[Records supplied]

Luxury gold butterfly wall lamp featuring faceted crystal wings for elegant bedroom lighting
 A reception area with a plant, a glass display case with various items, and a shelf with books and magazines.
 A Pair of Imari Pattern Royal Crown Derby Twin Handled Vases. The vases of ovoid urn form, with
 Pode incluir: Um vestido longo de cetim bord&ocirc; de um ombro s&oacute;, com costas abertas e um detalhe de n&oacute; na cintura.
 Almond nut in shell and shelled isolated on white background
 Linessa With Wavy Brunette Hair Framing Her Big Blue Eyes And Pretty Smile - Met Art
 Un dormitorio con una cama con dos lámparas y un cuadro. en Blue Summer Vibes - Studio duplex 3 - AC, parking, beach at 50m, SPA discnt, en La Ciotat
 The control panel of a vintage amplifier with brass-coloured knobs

[/Records supplied]

* **Work instruction**: Among the lines above, show every one that contains the string "Blue".

* **Answer space**:
 Linessa With Wavy Brunette Hair Framing Her Big Blue Eyes And Pretty Smile - Met Art
 Un dormitorio con una cama con dos lámparas y un cuadro. en Blue Summer Vibes - Studio duplex 3 - AC, parking, beach at 50m, SPA discnt, en La Ciotat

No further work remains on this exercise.